When homeowners want to add value to their home come time to sell, they may wonder where to start ... and where to end.
Here are some renovations that add value, and some that are not a good investment, according to a few experts.
(This article gives information about how to finance a home reno.)
Renos that make sense
Adding a room or increasing living space is one renovation that adds value, says Manjinder Grewal, a real-estate broker with Homelife Liberty Realty Inc. in Mississauga.
Finished basements with separate entrances are a huge draw for buyers, as they can generate income for the home owner using space they don’t necessarily need, Mr. Grewal says.

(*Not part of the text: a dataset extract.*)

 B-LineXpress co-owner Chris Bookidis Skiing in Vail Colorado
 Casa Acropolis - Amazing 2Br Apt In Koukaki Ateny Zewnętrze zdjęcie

“In many homes, the owner can even split the basement, keeping half or a portion for their own use and still have plenty of room for a separate unit.”
Home renovations that can accommodate large or extended family living are also popular in some parts, Mr. Grewal adds.
“Canada’s cultural diversity and aging population is driving a demand for homes that can accommodate parents, in-laws and siblings. Sometimes it’s a permanent arrangement and sometimes it’s a temporary situation where, for a time, young families may live together, pool their financial resources to buy a larger home together, support each other with childcare before eventually splitting as their families grow and their children need more space,” Mr. Grewal says.
“For new immigrants having that family support in the early years when they are getting settled is extremely helpful and many are looking for homes with two master suites or an in-law suite. A home renovation that would include these extras would sell well at market.”
Charlene Kalia, a real-estate agent with Chestnut Park Real Estate in Toronto, says basement renovations now include wine cellars, theatre rooms, and jazzed up laundry rooms, making them a more valuable area of the house.
Garages are another area of the home now getting more attention as a reno project than they used to, Ms. Kalia adds. But kitchens and bathrooms continue to be among the most popular of home renovation projects, she says.
“Updated kitchens and bathrooms absolutely remain the key renovations that help a home sell and increase the value of the home. The goal is to make the home appear turnkey, to give the buyer the feeling they can move right in.”
Those that don’t
Tina Smith, a real-estate agent with Re/Max Hallmark Realty Ltd. in Toronto, says that swimming pools and home-theatre rooms yield only 25 to 50 per cent on your investment, meaning you only get a quarter to a half back on what you spent.
A central air conditioning installation varies widely, yielding from 25 to 75 per cent, while putting in a skylight represents a poor return on your investment, yielding zero to 25 per cent.
Ms. Smith advises putting money into tried-and-true items, such as hardwood flooring, stainless steel appliances and ceramic sinks with multifunction faucets, which remain popular with consumers.
And on the outside, landscaping can add between 7 and 15 per cent to a home’s value, with patios coming in at 12 per cent on average, says landscape design expert and HGTV host Carson Arthur, citing the results of industry studies in Canada and the United States.
Trees can have a strong impact on a home’s resale value, with an increase of up to 98 per cent, Mr. Arthur observes. A mature tree will often have an appraised value of between $1,000 and $10,000, adding even more value to your home.
If financing a reno is out of the owner’s reach before selling, there are smaller solutions.
“More often than not, painting, decluttering and staging provides the greatest value vis-à-vis dollars invested,” says Arpad Komjathy, a certified financial planner and mortgage broker in Toronto.
“In the current hot real estate market this could increase the value of the property by 5 to 10 per cent by way of attracting more interested buyers. That is the safest bet when planning to sell the property,” Mr. Komjathy says.